The records are to be copied word for word, and the pictures dropped.

§ **Data for this task**:
- - - - - - -
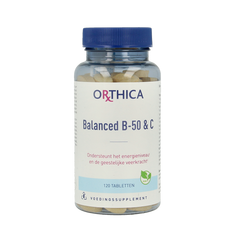Orthica Balanced B50 & C 120.00 Tabletten
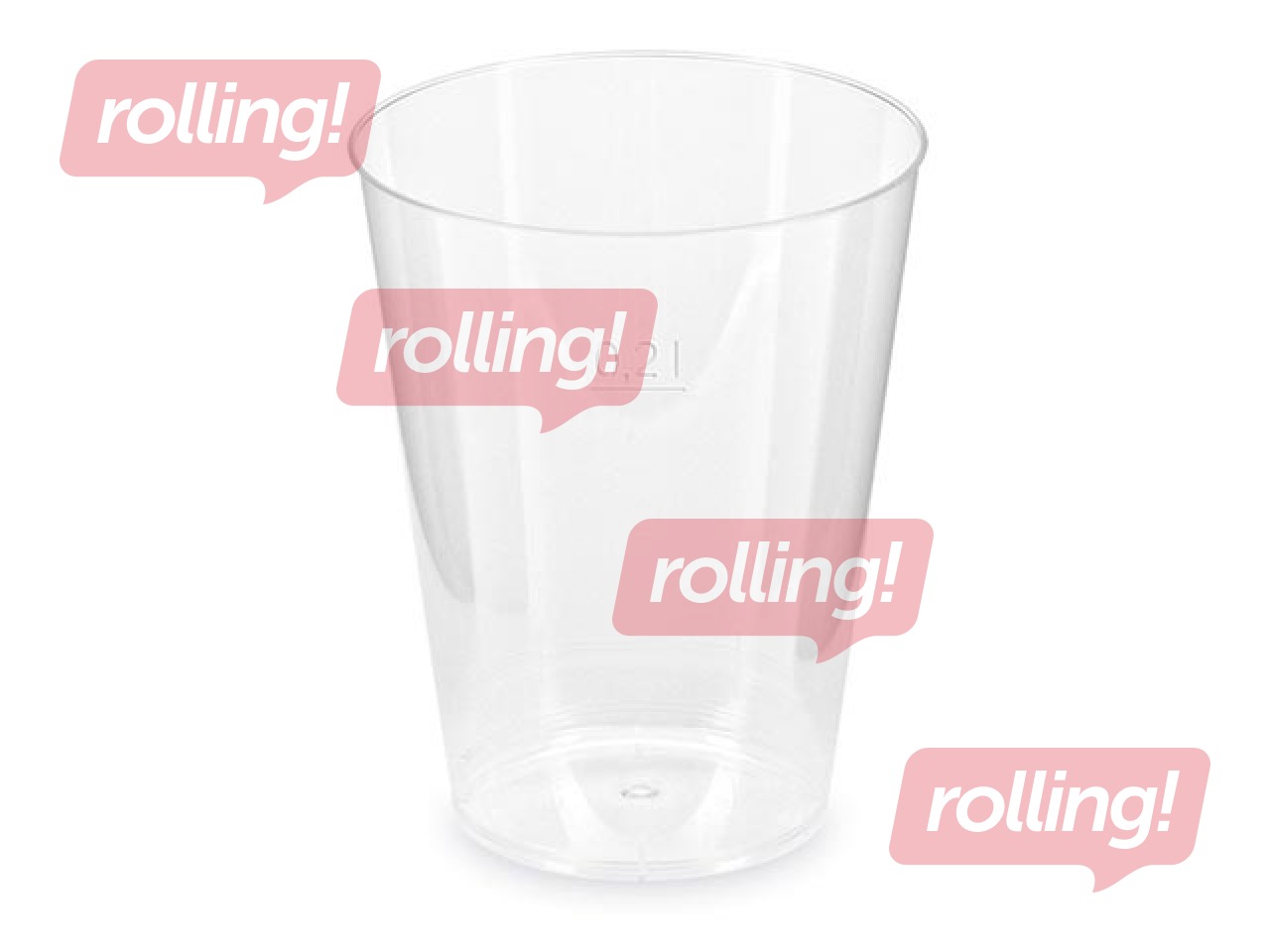 Plasttopsid Wimex, tahke, 0.2l, 50 tk.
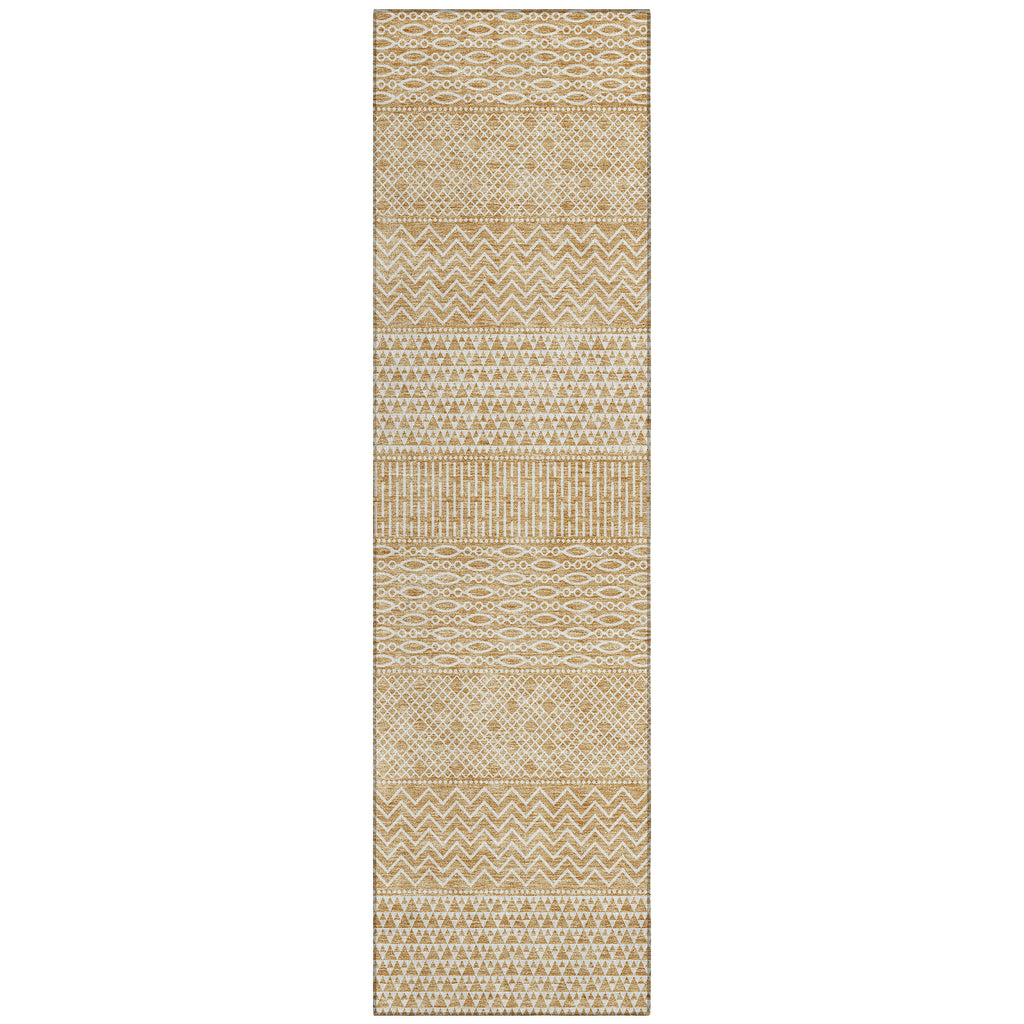 addison chantille acn939 gold rug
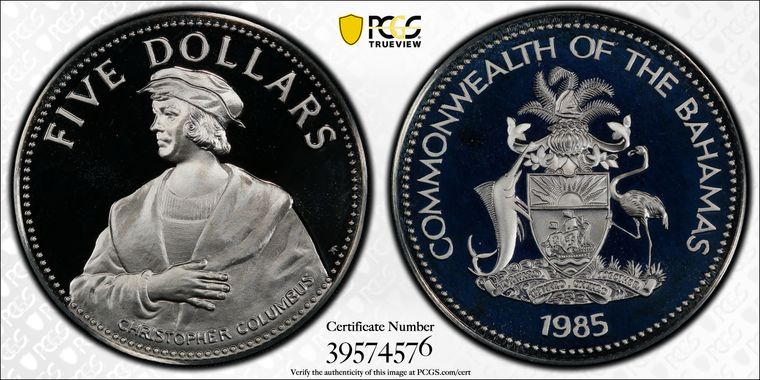 Cert 39574576 - Coin Image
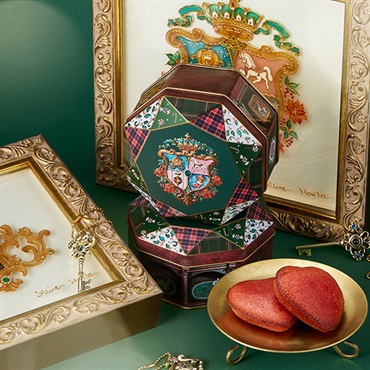 クリスマスエンブレム缶【グルテンフリー】 詳細画像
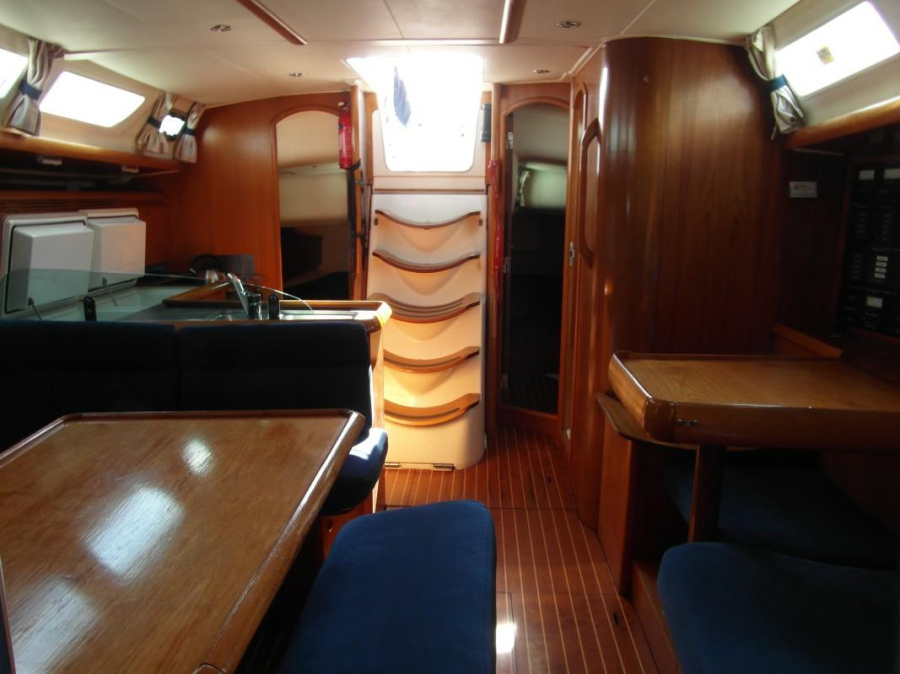 Photo #6 - Sun Odyssey 43 (Sandpiper) en Hamble-le-Rice - 55246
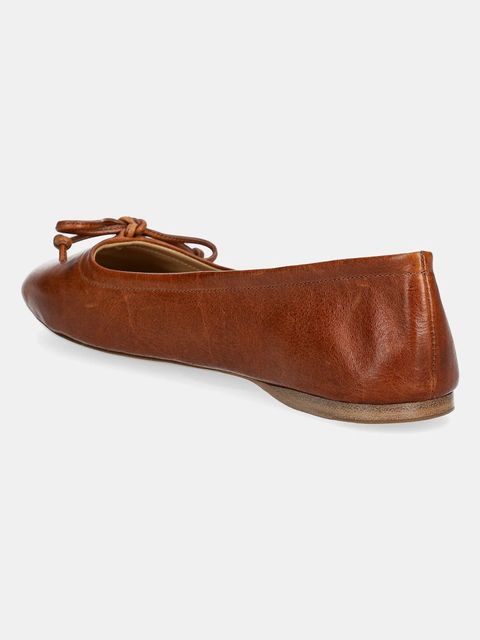 JW Anderson baleriny kolor brązowy BL0031 LA0323 640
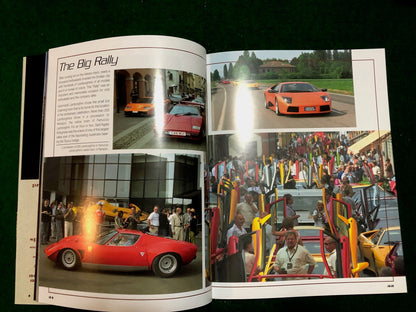 Concorso Italiano 2003 Program - Featuring Lamborghini and Frua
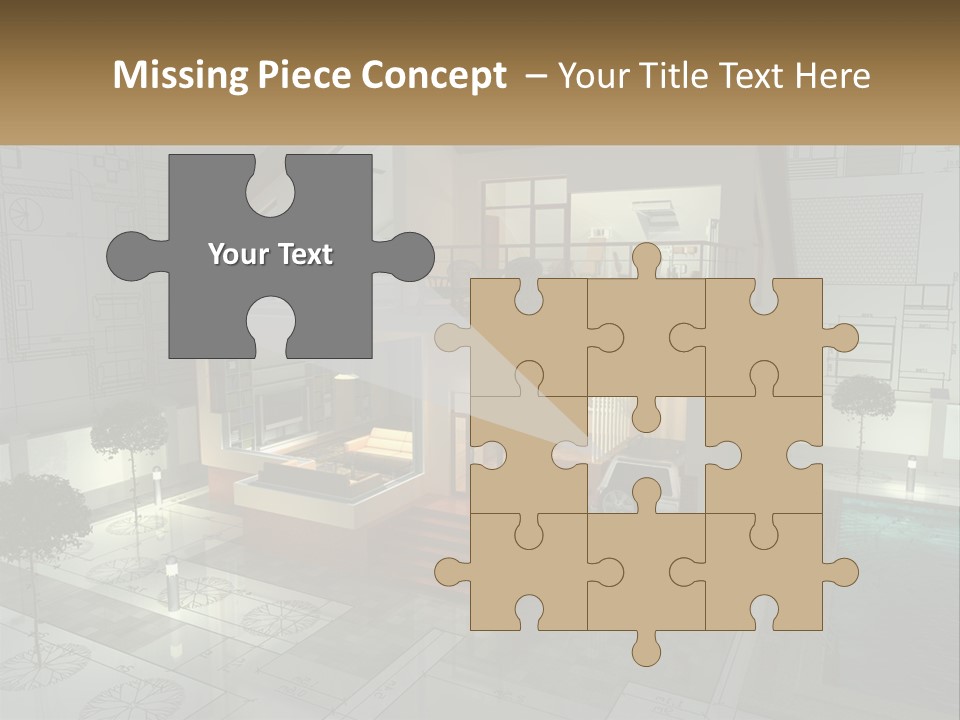 Remote Conditioner Unit PowerPoint Template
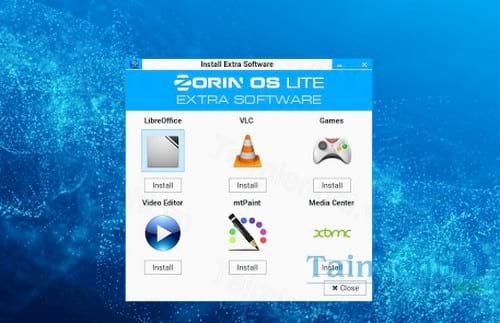zorin os lite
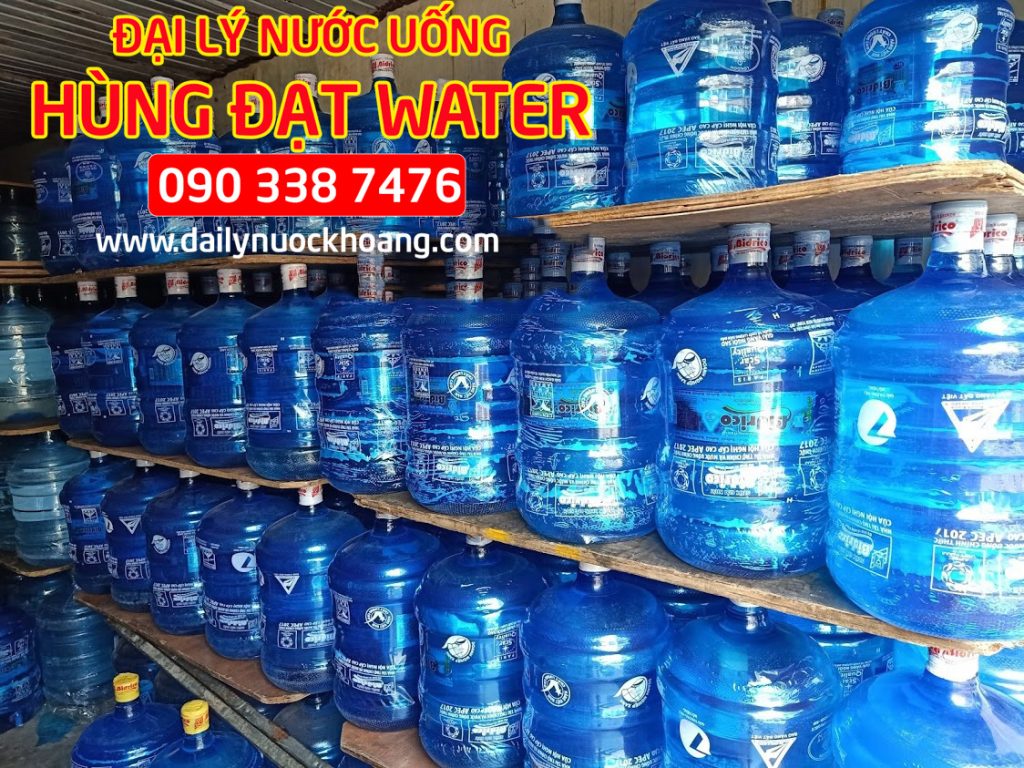 Đại lý nước Bidrico chính hãng giá rẻ - Hùng Đạt Water
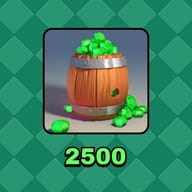 2500 Gemas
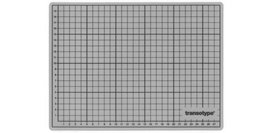 Transotype cutting mat transparent 30x22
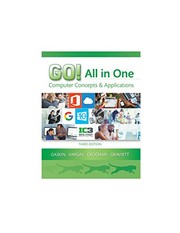 Front cover of Go! All in One by Shelley Gaskin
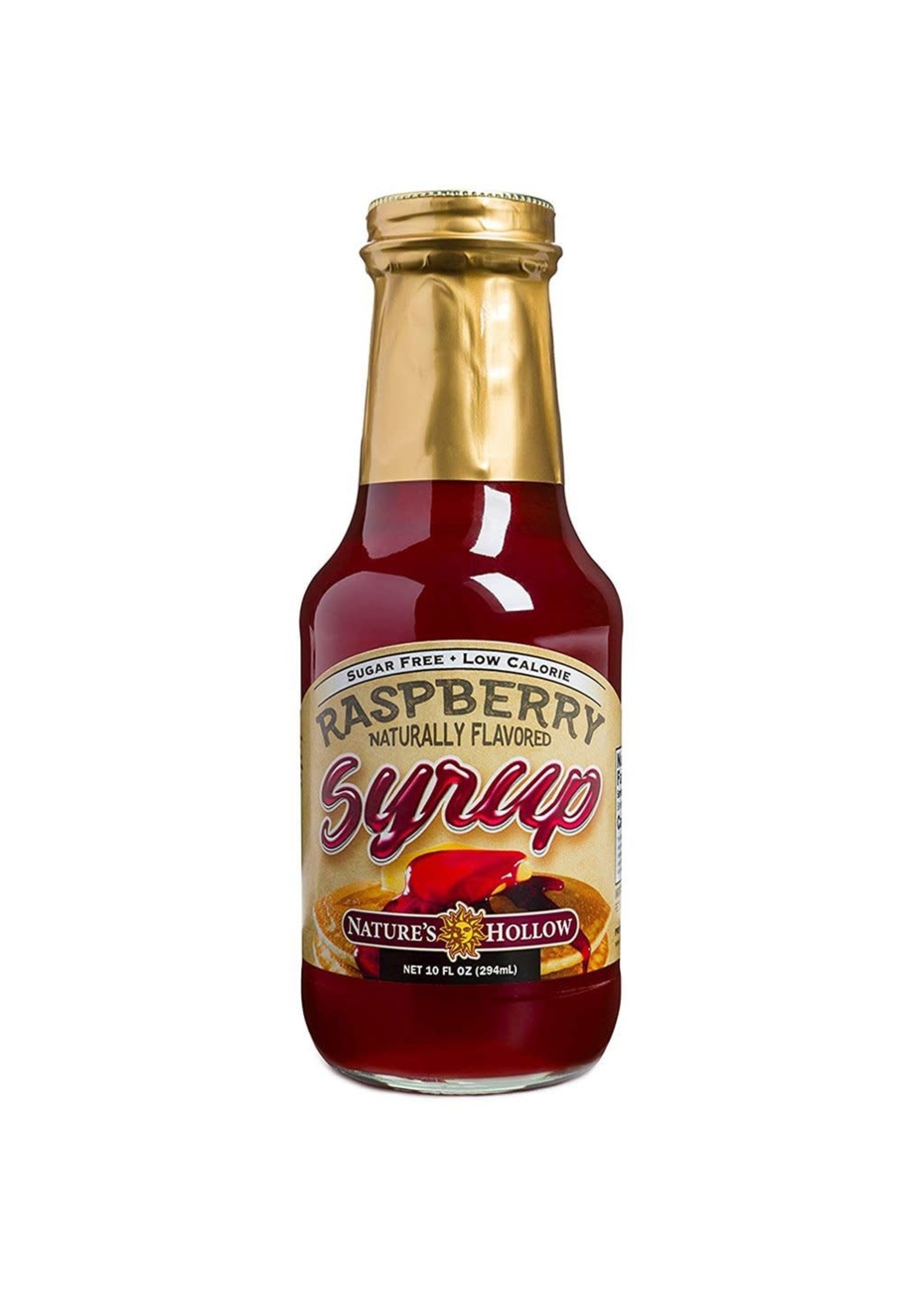 Nature's Hollow Sugar Free Raspberry Syrup NH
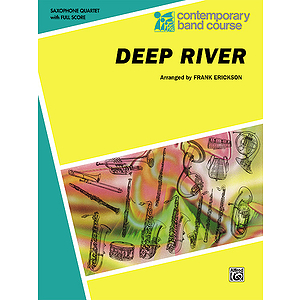 Deep River Saxophone Quartets (With Full Score)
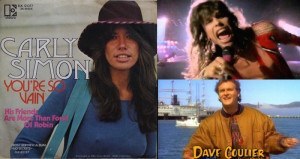 Carly Simon You're So Vain OG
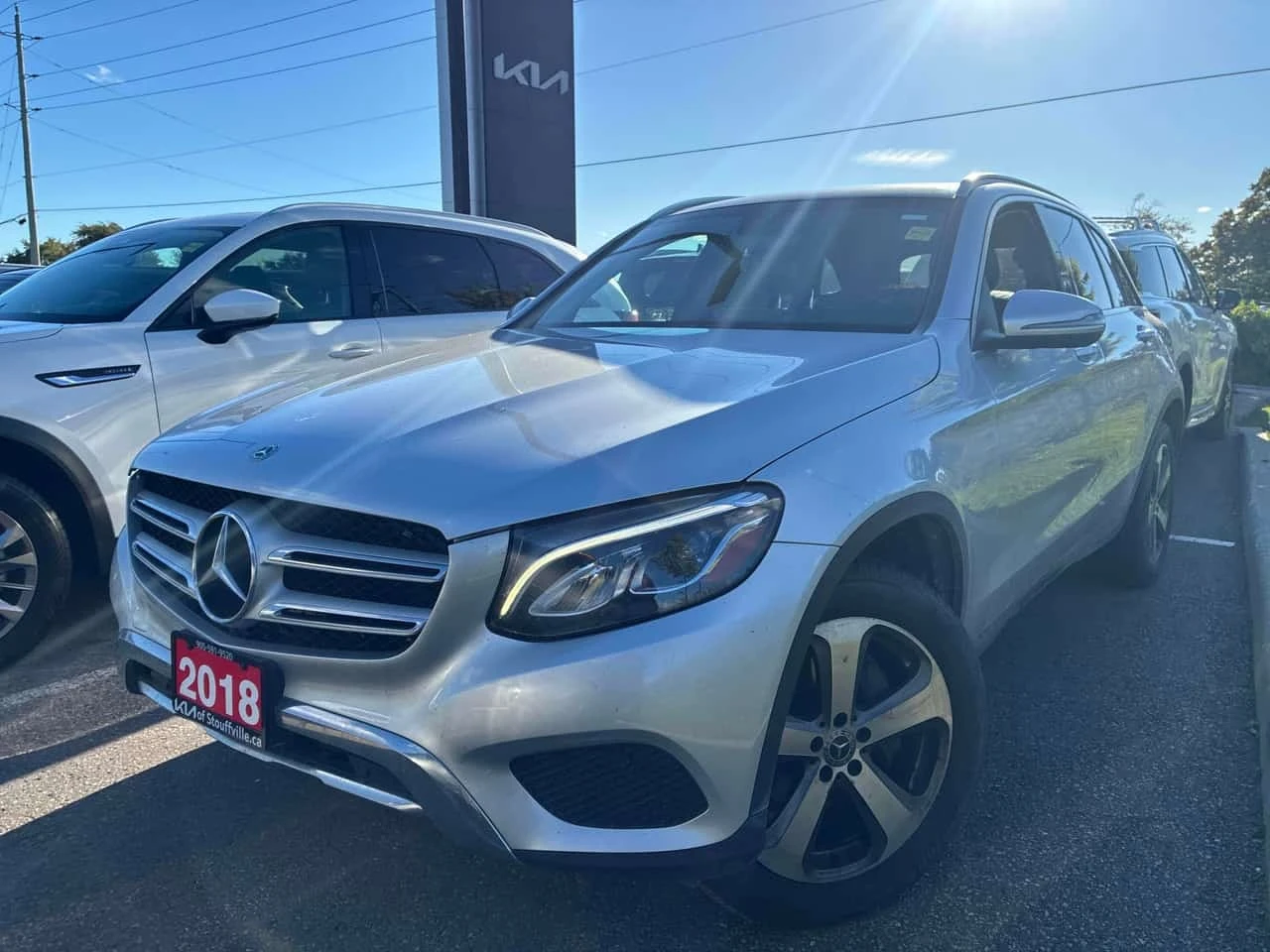 Mercedes-Benz GLC 300 | CARFAX | ОПЦИЯ ЗА ФИНАНСИРАНЕ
- - - - - - -
§ **Solved exercise**:
Orthica Balanced B50 & C 120.00 Tabletten
 Plasttopsid Wimex, tahke, 0.2l, 50 tk.
 addison chantille acn939 gold rug
 Cert 39574576 - Coin Image
 クリスマスエンブレム缶【グルテンフリー】 詳細画像
 Photo #6 - Sun Odyssey 43 (Sandpiper) en Hamble-le-Rice - 55246
 JW Anderson baleriny kolor brązowy BL0031 LA0323 640
 Concorso Italiano 2003 Program - Featuring Lamborghini and Frua
 Remote Conditioner Unit PowerPoint Template
zorin os lite
 Đại lý nước Bidrico chính hãng giá rẻ - Hùng Đạt Water
 2500 Gemas
 Transotype cutting mat transparent 30x22
 Front cover of Go! All in One by Shelley Gaskin
 Nature's Hollow Sugar Free Raspberry Syrup NH
 Deep River Saxophone Quartets (With Full Score)
 Carly Simon You're So Vain OG
 Mercedes-Benz GLC 300 | CARFAX | ОПЦИЯ ЗА ФИНАНСИРАНЕ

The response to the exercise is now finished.